Change happens and staying the same happens.  We can use questions to look deeper into our life.

Sensho Wagg and I connected a month or two ago after a mutual connection showed me some of Sensho’s art which you will find below accompanied by some of her thoughts. After learning more about Sensho, I suggested we have a Conversation on the Women.Words.Wisdom. Podcast which was rich in insight about trauma and transformation. You can listen to our talk below or on Apple Podcast

In the quiet of our quarantine/lockdown, questions about the meaning of life come up:
How did this happen?
Why me?
What’s coming next?
What is the meaning of all of these changes in the world?
Change happens and staying the same happens.  We can use questions to look deeper into our life.
Here are a few “meals” to stir us up right now.  We could call this collection of meals, “Feeding Mind.”

Let’s eat.

Eat the universe in one bite.

Does this satisfy your hunger?

Sensho-Wagg

Ready for dessert?

Since the age of 50, Sensho Wagg’s life has been a study of transformation from trauma.  Sensho uses the affect her trauma has had on her to learn, grow and change, the way everyone uses the challenges they encounter. Sensho’s own life was transformed by coming face to face with previously suppressed memories of her own trauma.  The memories came back to her while she was living at a Zen Buddhist Monastery, and her transformation journey began.

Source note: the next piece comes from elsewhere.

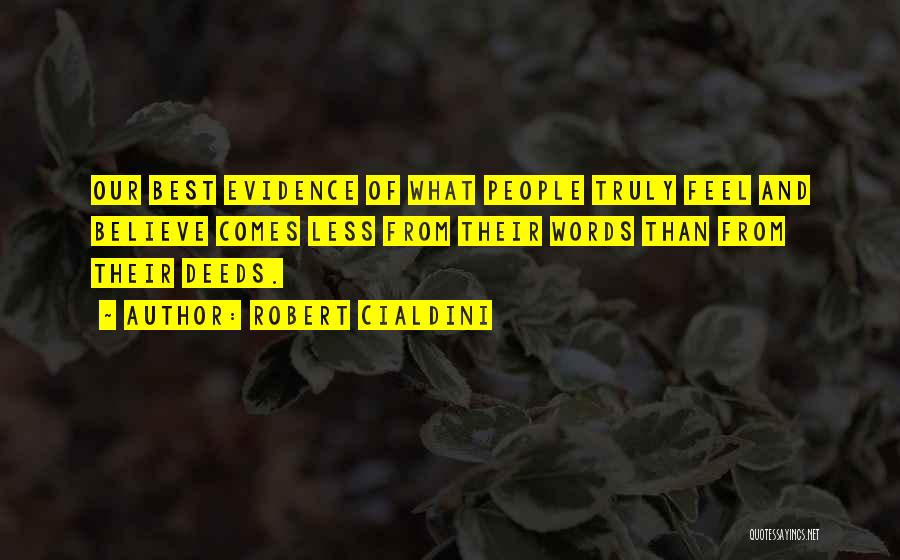 Robert Cialdini Quotes: Our Best Evidence Of What People Truly Feel And Believe Comes Less From Their Words Than From Their Deeds.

Sensho is an artist of multiple mediums, practicing Buddhist, and Certified Transformation Coach.

Sensho is currently working on a book of photographed meals which were inspired by the questions raised by the great Zen Master Eihei Dogen in his Abbot’s talk, Painting of a Rice Cake in 1242 AD.  He asked, “Do painted rice cakes satisfy hunger?”  And his answer was “No, of course not.  And Yes, painted rice cakes do satisfy hunger.”